- TASK BRIEF
The answer must be the full data, restated word for word, with no pictures in it.

Stored entries
══════════════════════════════
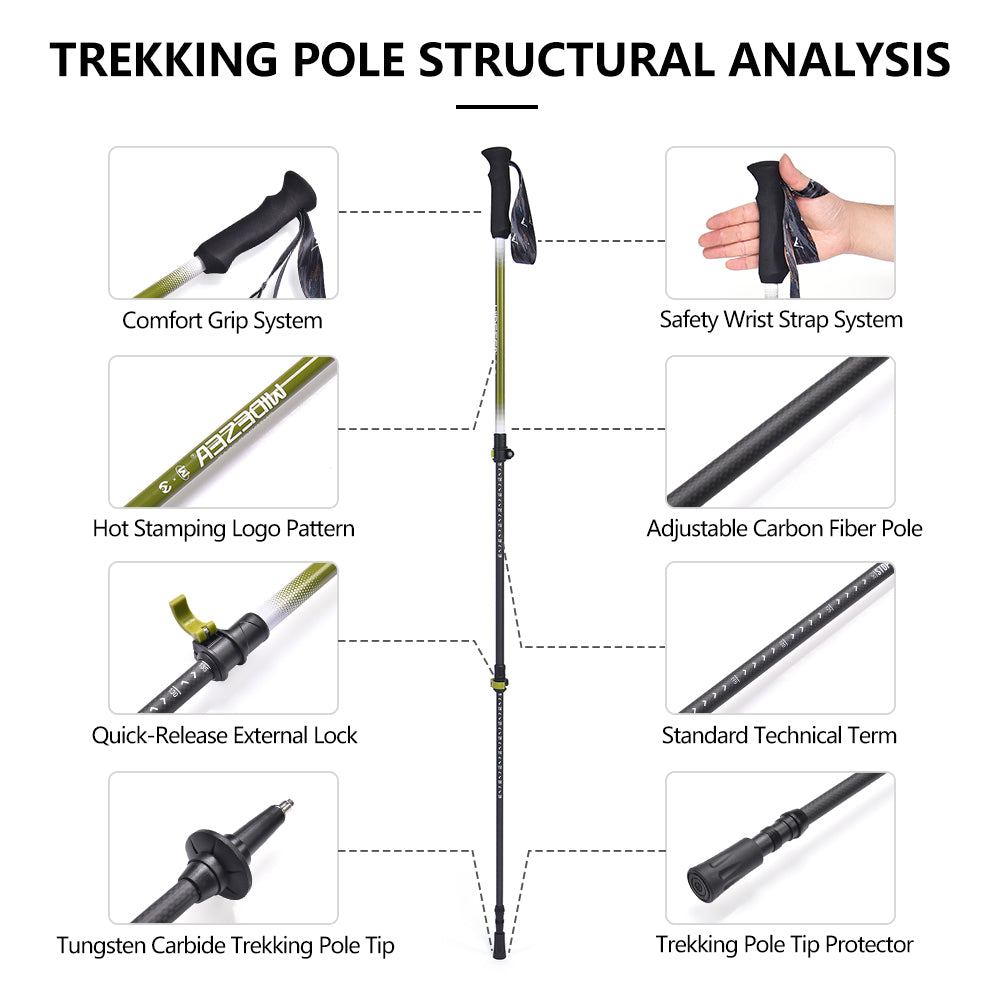 Widesea Trekking Poles 3section Lock For Anti-slip Adjustment Portable Telescopic Trekking Pole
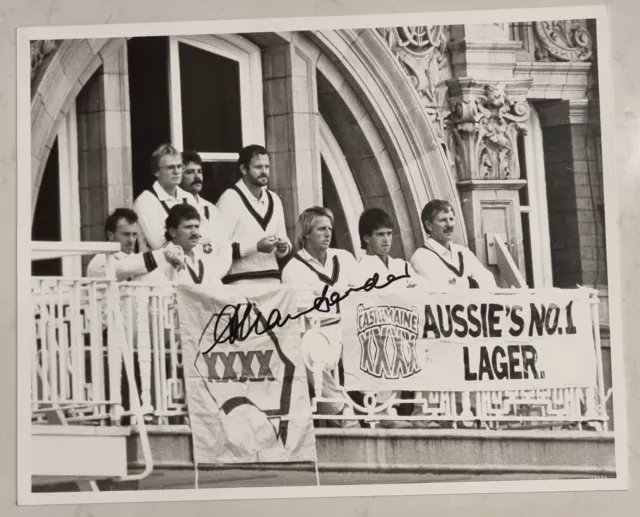 ALLAN BORDER CRICKET SIGNED IN PERSON 8 x 10" PRESS PHOTO COA "BUY GENUINE"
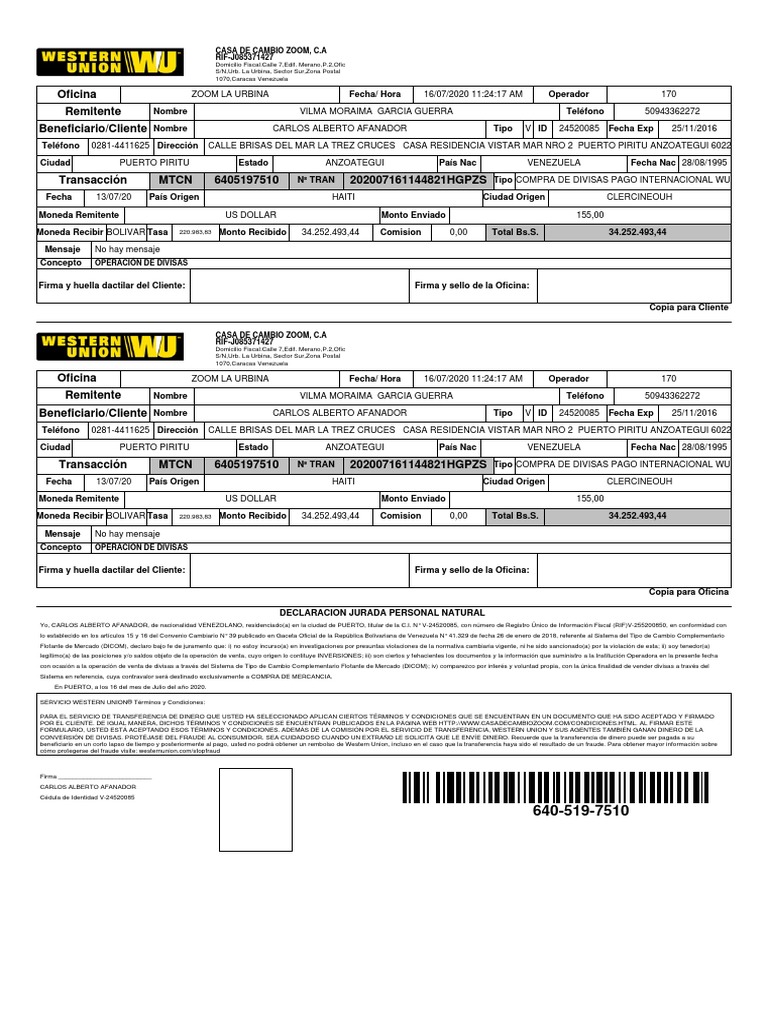Recibos WU 16072020 202007161144821HGPZS PDF Western Union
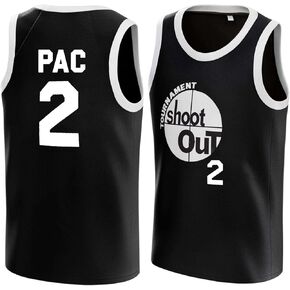 Men Pac #2 Above The Rim Movie Basketball Jersey Black - Stitched Letters & Numbers S-3XL Authentic Fan ApparelS-3XL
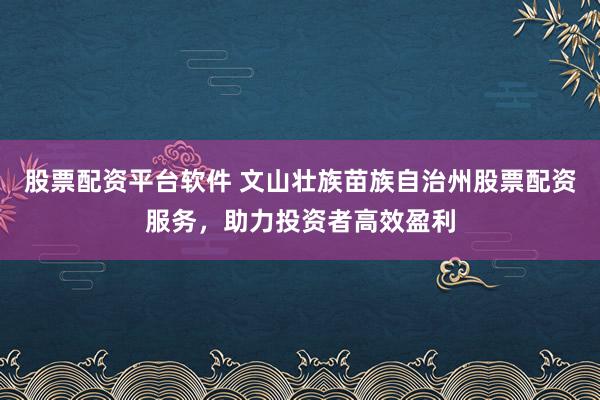 股票配资平台软件 文山壮族苗族自治州股票配资服务，助力投资者高效盈利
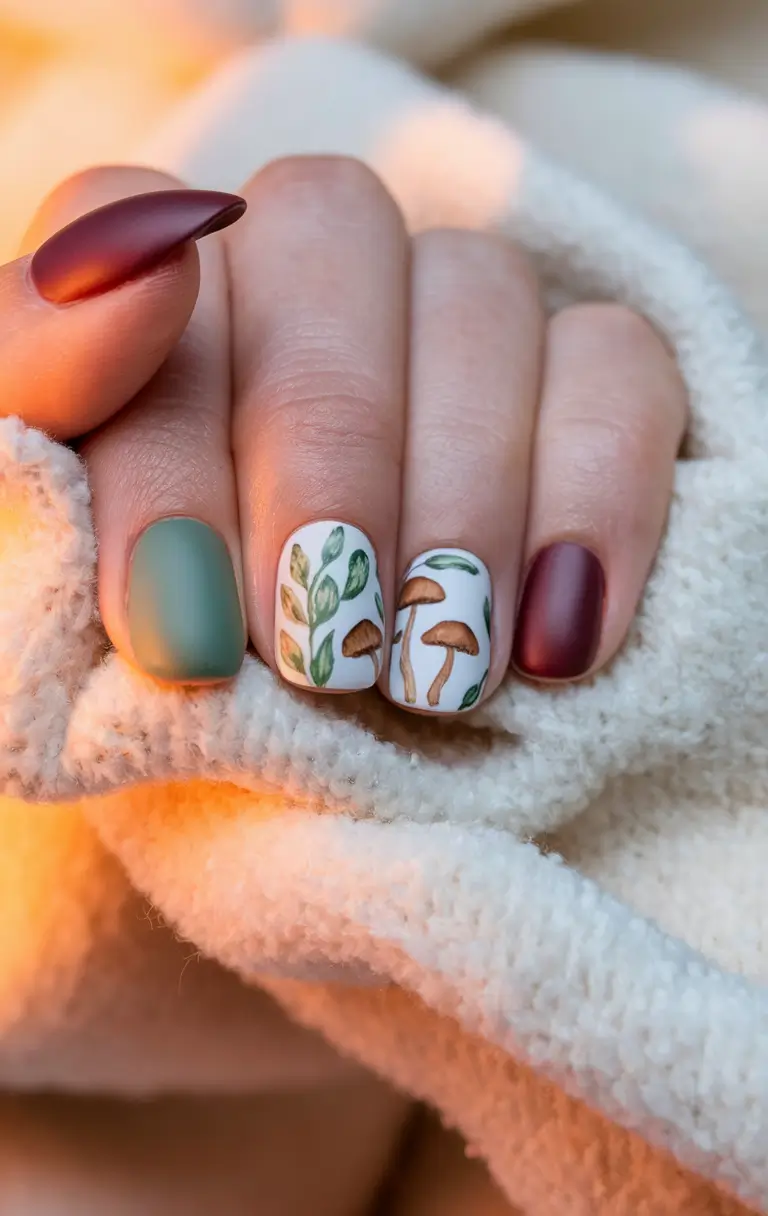Top Short Fall Nail Trends 2025 Botanical Autumn Story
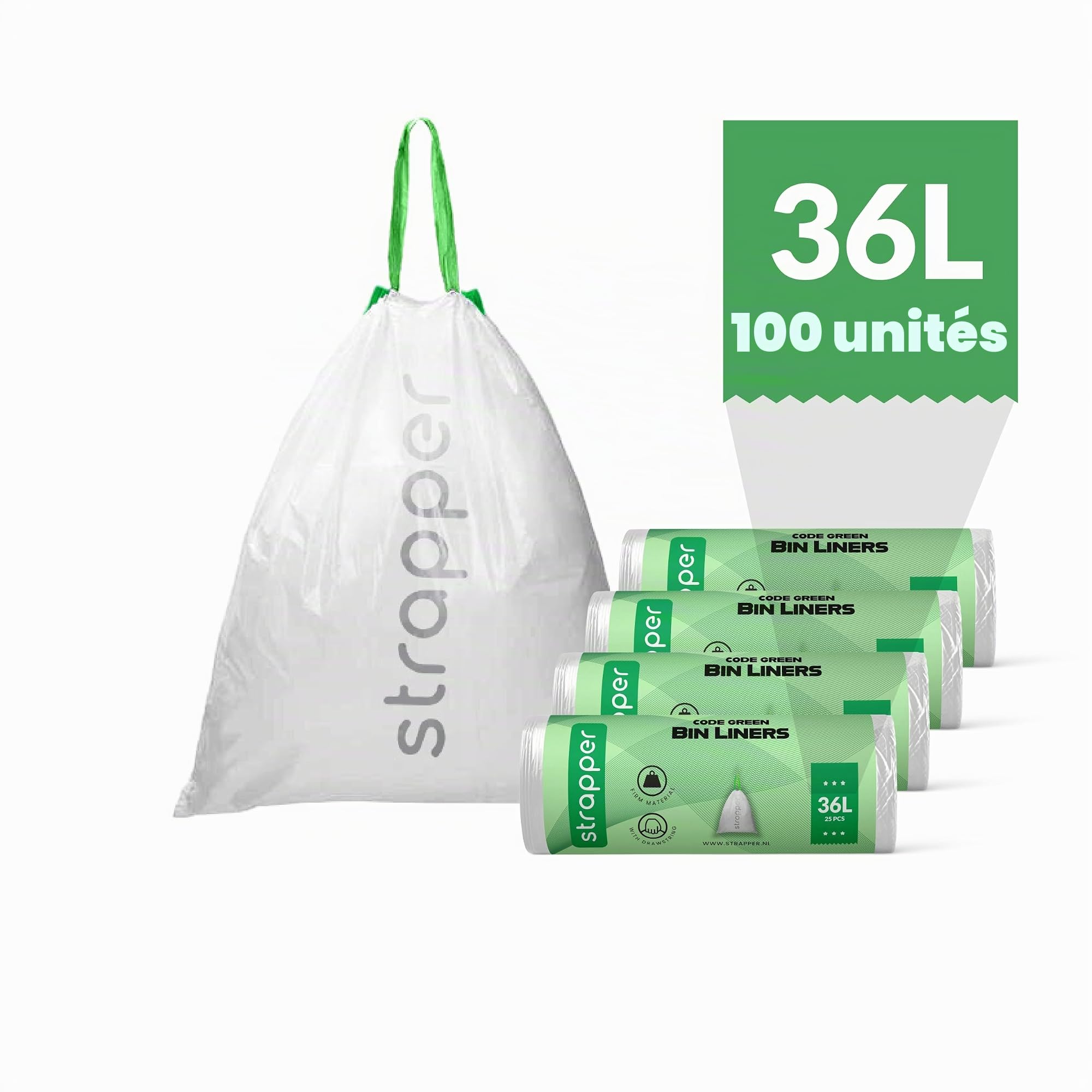 Strapper 100 Vert Sacs Poubelle - Convient pour poubelle Brabantia et Homra Nexo - 36 litres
══════════════════════════════
- WORKED SOLUTION
 Widesea Trekking Poles 3section Lock For Anti-slip Adjustment Portable Telescopic Trekking Pole
 ALLAN BORDER CRICKET SIGNED IN PERSON 8 x 10" PRESS PHOTO COA "BUY GENUINE"
Recibos WU 16072020 202007161144821HGPZS PDF Western Union
 Men Pac #2 Above The Rim Movie Basketball Jersey Black - Stitched Letters & Numbers S-3XL Authentic Fan ApparelS-3XL
 股票配资平台软件 文山壮族苗族自治州股票配资服务，助力投资者高效盈利
Top Short Fall Nail Trends 2025 Botanical Autumn Story
 Strapper 100 Vert Sacs Poubelle - Convient pour poubelle Brabantia et Homra Nexo - 36 litres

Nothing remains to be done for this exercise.